This summer, I've been really into pasta. Don't really know why or anything, but I am. It may be because most pasta applications are relatively easy, and no one really wants to cook anything super hardcore in the summer because it's hot and you're tired and want to be outside. Pesto trapanese is no exception to this general rule, but its deliciousness fools you into thinking you've really accomplished something by making it.
So, it's pesto, but it's not what you think of when you think pesto because it has tomatoes.
1/2 cup almonds, toasted in a pan with some olive oil. Take them out as soon as they start turning a teensy bit brown, because it's a very short trip from there to burnt.
4 Roma tomatoes (the egg-shaped ones), cut into quarters and de-seeded
12-15 basil leaves
1 garlic clove, peeled and halved
1 cup of grated parmigiano reggiano
1/4 to 1/2 cup of olive oil - you'll know your preference
1/2 box of linguine (I use dry Barilla pasta - it seems to work well more often than not) for 2 people eating what could be their only meal of the day - if you're having a starter or a dessert, you're not going to want that much.
Now, what you're going to do is pretty much just drop all the ingredients for the pesto into a food processor, and using the "pulse" function, chop it up till it reaches your desired consistency. I've tried chopping the almonds before I do everything else, but I honestly couldn't notice a difference, except that I thought that I preferred chopping everything up together. Oh, and start by putting in a 1/4 cup of olive oil, then check the consistency halfway through the chopping exercise. If you feel like it's too solid, not liquid-y enough, pour in another 1/4 cup of the oil. Use good oil if you have it - you can tell when you do (tried it with not-so-good, and it kind of disappointed). Stop chopping once you feel good about it.

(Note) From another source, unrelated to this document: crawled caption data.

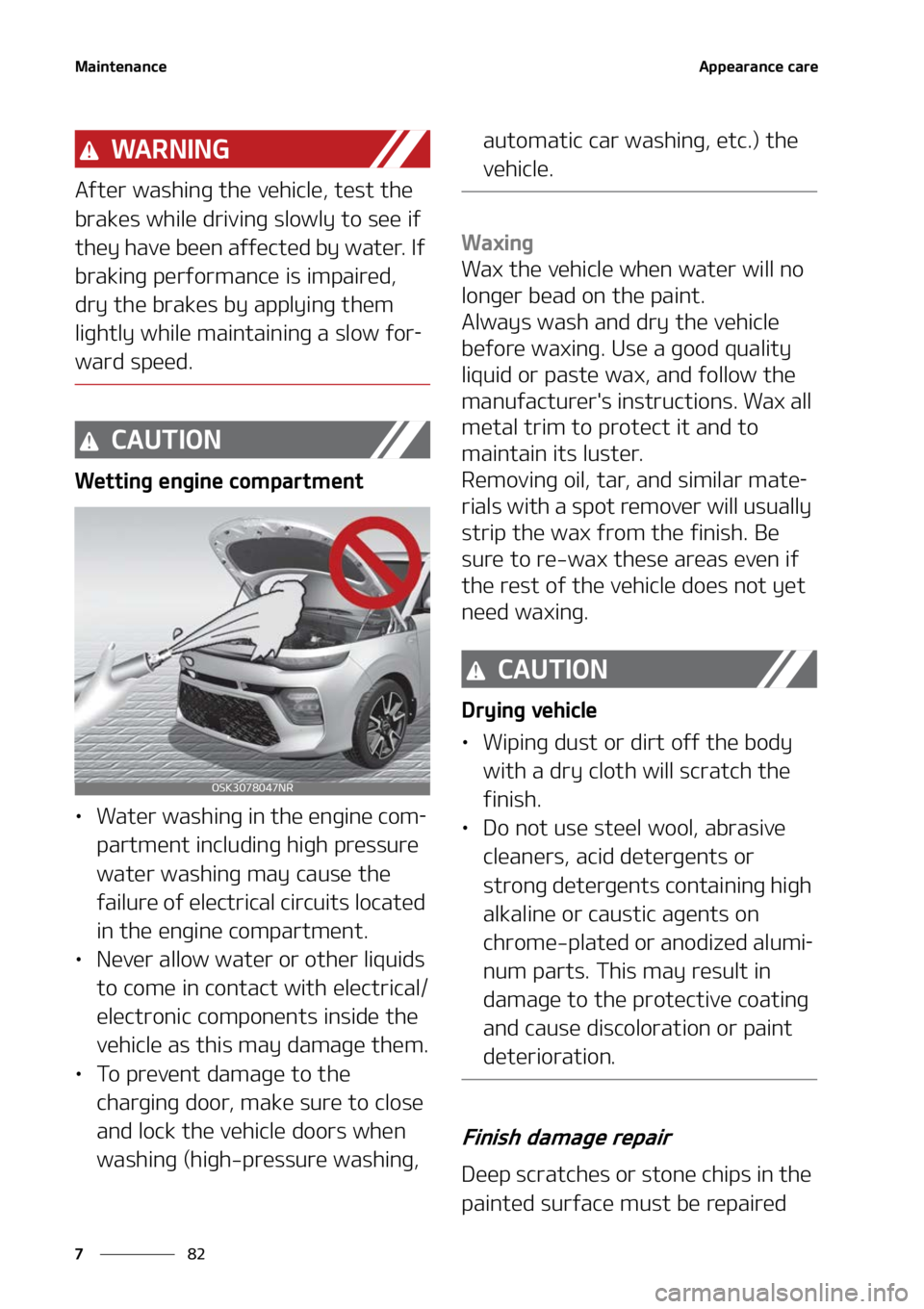 KIA SOUL 2022  Owners Manual �.�B�J�O�U�F�O�B�O�D�F
��
�
�"�Q�Q�F�B�S�B�O�D�F��D�B�S�F
�8�" �3 �/ �* �/ �(
�"�G�U�F�S��X�B�T�I�J�O �H��U�I�F��W�F�I�J�D�M�F�
��U�F�T�U��U�I�F�
�C�S�B�L�F�T��X�I�J�M�F��E�S�J�W�J�O�H��T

Boil 4-5 cups of water, and salt it liberally. As in, it should taste like the ocean. Drop your linguine in and cook for 6 or 7 minutes. Drain, but reserve a bit of the pasta water. Stir the pesto into the linguine in the pot that the linguine was cooking in. If it looks perhaps a little too solid, stir in some of the cooking water, adding a little bit at a time so you know exactly when it looks right.
I've attached a blackberry photo of this to this post - quality's not that good, but at least you'll get an idea of what it should look like.